PROVIDED DATA Block Start

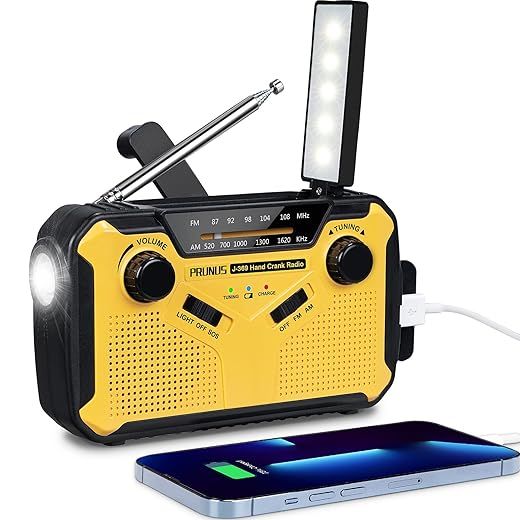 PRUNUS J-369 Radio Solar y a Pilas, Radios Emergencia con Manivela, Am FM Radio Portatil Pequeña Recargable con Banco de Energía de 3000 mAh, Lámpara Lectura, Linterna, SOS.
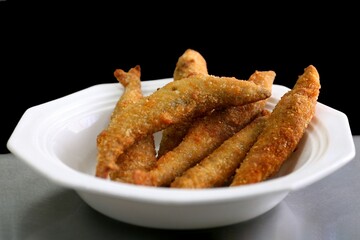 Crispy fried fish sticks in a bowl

PROVIDED DATA Block End
PROVIDED DATA Block Start

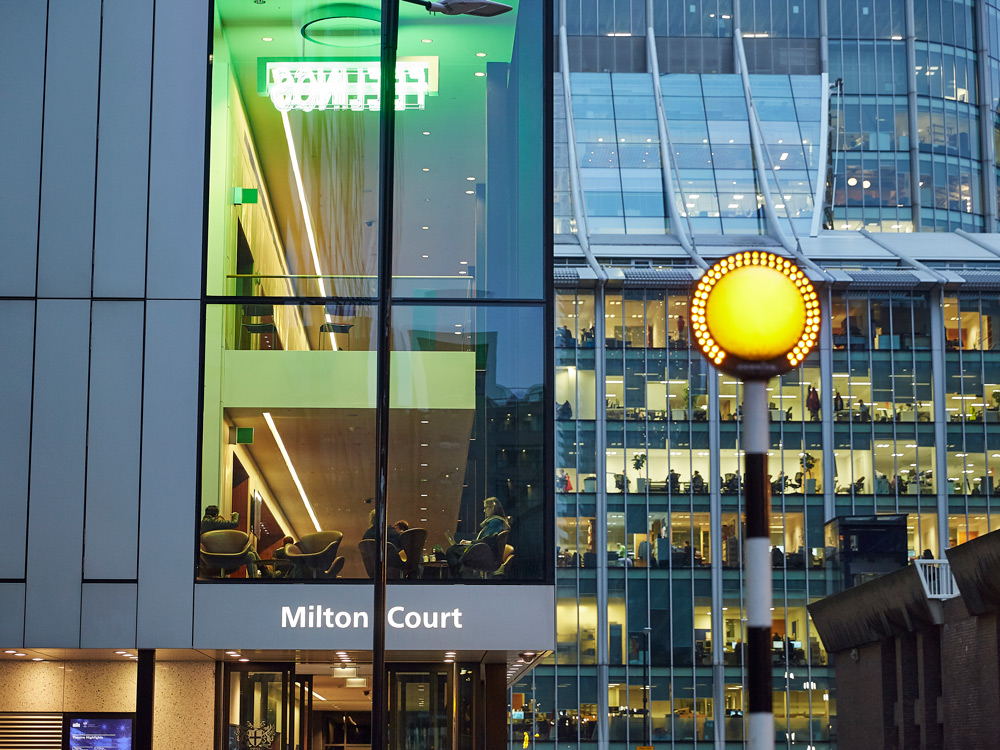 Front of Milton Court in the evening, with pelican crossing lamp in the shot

PROVIDED DATA Block End

▶ AIM OF THE TASK
Copy only the lines above from the one containing "PRUNUS J-369 Radio" through the one containing "Crispy fried fish sticks in a bowl", both included. Leave out the pictures.

▶ EXERCISE OUTPUT
 PRUNUS J-369 Radio Solar y a Pilas, Radios Emergencia con Manivela, Am FM Radio Portatil Pequeña Recargable con Banco de Energía de 3000 mAh, Lámpara Lectura, Linterna, SOS.
 Crispy fried fish sticks in a bowl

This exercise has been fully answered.